もう飛ぶしかないんだ。飛び立つ飛行機を見て、そう思った。

「翔」
呼ばれて振り返ると、スカーフを外しトレンチコートをはおった志織が立っていた。
「大丈夫?具合、悪いの?」
緊張で硬い表情の僕を心配しているようだ。
額に手を当てて自分の体温と比べている。
「ごめんね。待たせちゃったから、おでこが冷たくなってるね」
志織は笑った。
僕は初めて手をつないだ時より緊張しながら、志織の手を握る。

「あの……さ。俺は小さい頃からここで旅客機を見るのが好きだったんだ。だから、空への憧れを同じように感じてくれる志織と、ここで出会えたのは奇跡だと思ってる」
「うん……」
志織の手が温かい。
「志織はCAとして、俺は整備士として、昼夜の区別なく働いてるから、なかなか一緒にいられないけれど。友達とか恋人じゃなく、もっと気持ちが寄り添えるような、そんな存在になってほしいんだ。

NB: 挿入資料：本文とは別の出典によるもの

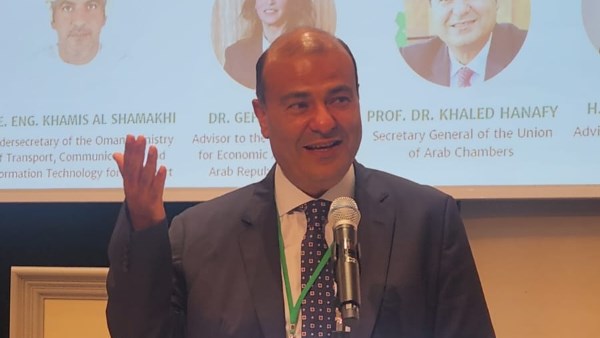الدكتور خالد حنفي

……僕と結婚してほしい」
志織に指輪を見せる。
ふわりと微笑んで、うなずきながら左手を差し出してくれた。

目の前で787が滑走を始めた。
僕らは手をつなぎ見つめる。

離陸決定速度を超えた。機首引き起こし速度に到達した機体はふわりと浮かぶ。
夕焼けに染まる空へと787は吸い込まれていった。

「いいテイク・オフだったな」
そう話しかけると、志織はうなずきながら愛おしそうに指輪を見つめていた。
志織の白い手に、整然と並ぶダイヤが煌めく。

僕らの夢は空を翔ける。いつまでも、永遠に。